[opensuse-kernel] user/sys ticks for process exceed overall user/sys ticks
Hello everyone! (I recently posted about this on linux-kernel, but got no responses. I would be very grateful for any pointers.) I am trying to determine what fraction of the whole system's user and sys time are consumed by a specific process, over a period of time. Hence, I read the respective tick counts from the first lines of /proc/stat and /proc/<pid>/stat at the start and end of that period and compute deltas. However, on an otherwise idle system, I often see the ticks consumed by a threaded process exceed those of the whole system. The difference is not just a few ticks, but can amount to over 10%, regardless of how long the observed time period is. There is no virtualization involved. I have been able to reproduce this with the current openSUSE and Ubuntu releases on different x86_64 machines. How can this be explained? Intuitively, I would expect that a tick accounted to a running task is at the same time accounted to the CPU it is running on, and so a process can never be accounted more ticks than the whole system, i.e. all CPUs. I have attached a simple Python script to reproduce this behavior. Example output:
./ticks.py delta process: user: 2495 sys: 181 delta all: user: 2283 sys: 258
Thanks, Peter
Peter Hofer wrote:
I have attached a simple Python script to reproduce this behavior. Example output:
./ticks.py delta process: user: 2495 sys: 181 delta all: user: 2283 sys: 258
FWIW, I just ran this on Linux pcx36 3.2.0-58-generic #88-Ubuntu SMP Tue Dec 3 17:40:43 UTC 2013 i686 i686 i386 GNU/Linux and saw $ ./ticks.py delta process: user: 10539 sys: 112 delta all: user: 10700 sys: 153 So two questions occur to me: what proportion of runs do you see the phenomenon, and what kernel are you running? -- To unsubscribe, e-mail: opensuse-kernel+unsubscribe@opensuse.org To contact the owner, e-mail: opensuse-kernel+owner@opensuse.org
$ ./ticks.py delta process: user: 10539 sys: 112 delta all: user: 10700 sys: 153
So two questions occur to me: what proportion of runs do you see the phenomenon, and what kernel are you running?

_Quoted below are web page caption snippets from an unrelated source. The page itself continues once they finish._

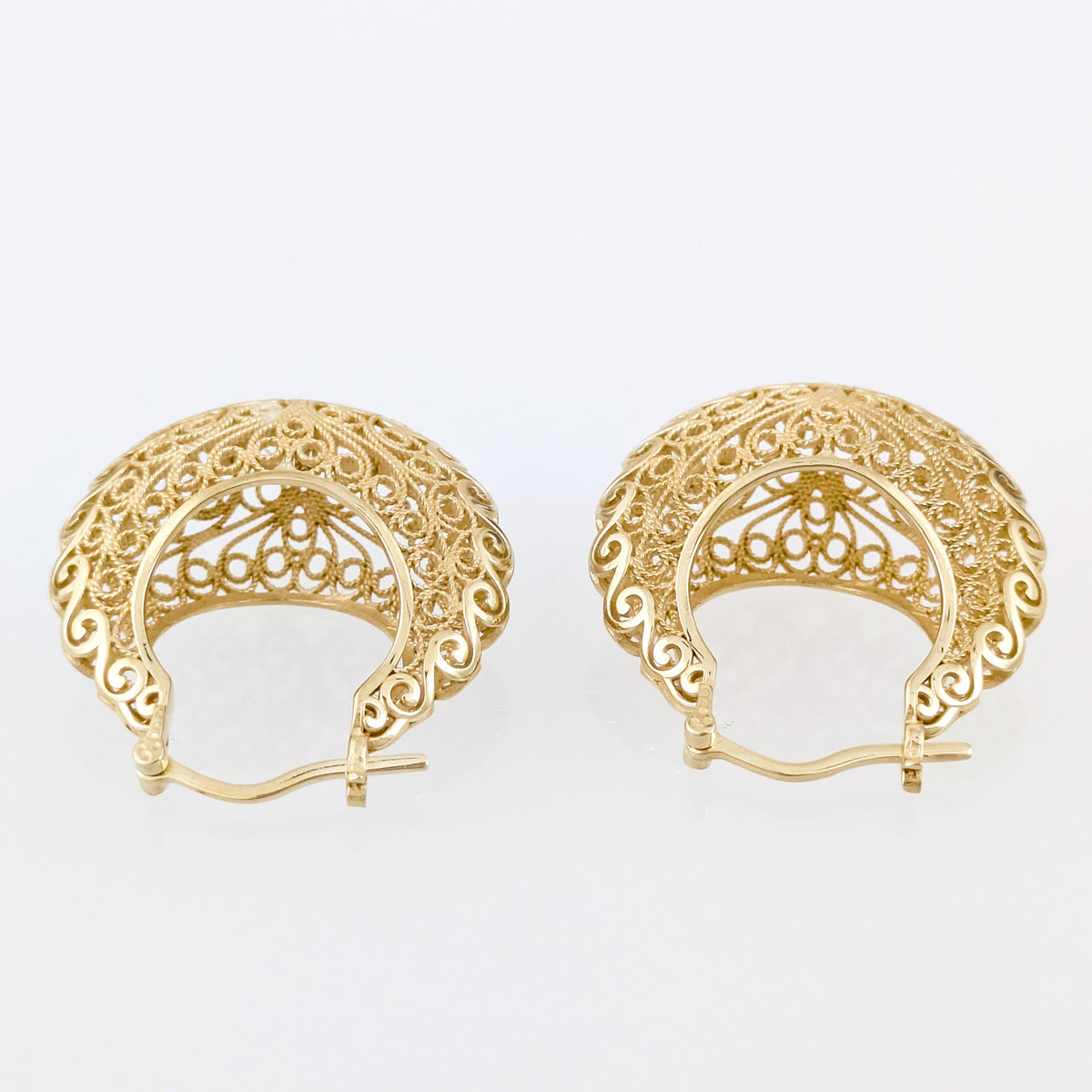 Filigree Voyager Hoop Earrings with Ornate Scrollwork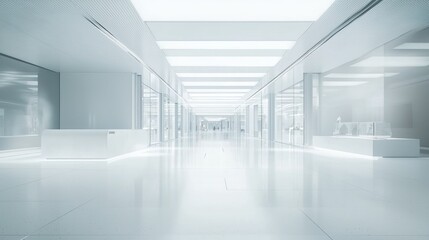 Obraz premium Futuristic White Corridor: A Sterile and Modern Architectural Design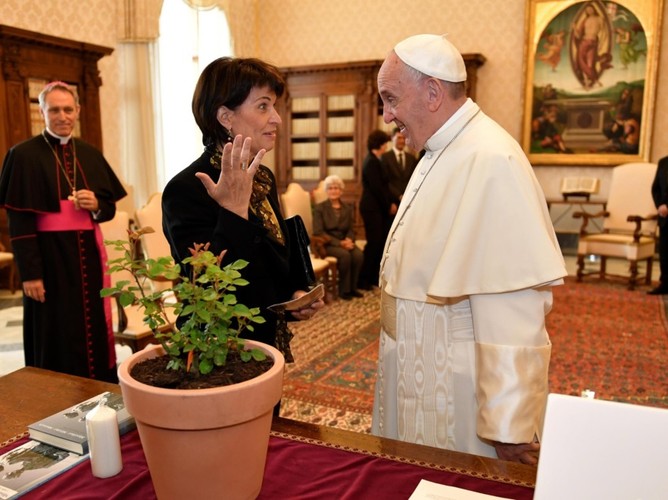 Doris Leuthard i papież Franciszek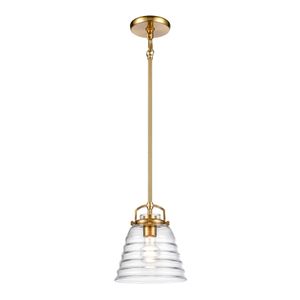 Current 8'' Wide 1-Light Mini Pendant - Satin Brass 1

I just ran the script ten times on my quadcore computer here, which is mostly idle (logged into KDE, with some applications open). The phenomenon occurred in every run, with the process having around 150 to 200 user ticks more than the entire system is reported to have. I'm running openSUSE 13.1 with the current kernel from the update repository: $ uname -a Linux sunflower 3.11.10-7-desktop #1 SMP PREEMPT Mon Feb 3 09:41:24 UTC 2014 (750023e) x86_64 x86_64 x86_64 GNU/Linux -- To unsubscribe, e-mail: opensuse-kernel+unsubscribe@opensuse.org To contact the owner, e-mail: opensuse-kernel+owner@opensuse.org
Peter Hofer wrote:
./ticks.py delta process: user: 2495 sys: 181 delta all: user: 2283 sys: 258
Thanks, Peter
What I'm wondering is why your total's are near the same as a single user's ticks. I.e. you have 4 cores, shouldn't the total be about 4x the single user/single-thread ticks? -- To unsubscribe, e-mail: opensuse-kernel+unsubscribe@opensuse.org To contact the owner, e-mail: opensuse-kernel+owner@opensuse.org
Linda Walsh wrote:
Peter Hofer wrote:
./ticks.py delta process: user: 2495 sys: 181 delta all: user: 2283 sys: 258
Thanks, Peter
What I'm wondering is why your total's are near the same as a single user's ticks. I.e. you have 4 cores, shouldn't the total be about 4x the single user/single-thread ticks?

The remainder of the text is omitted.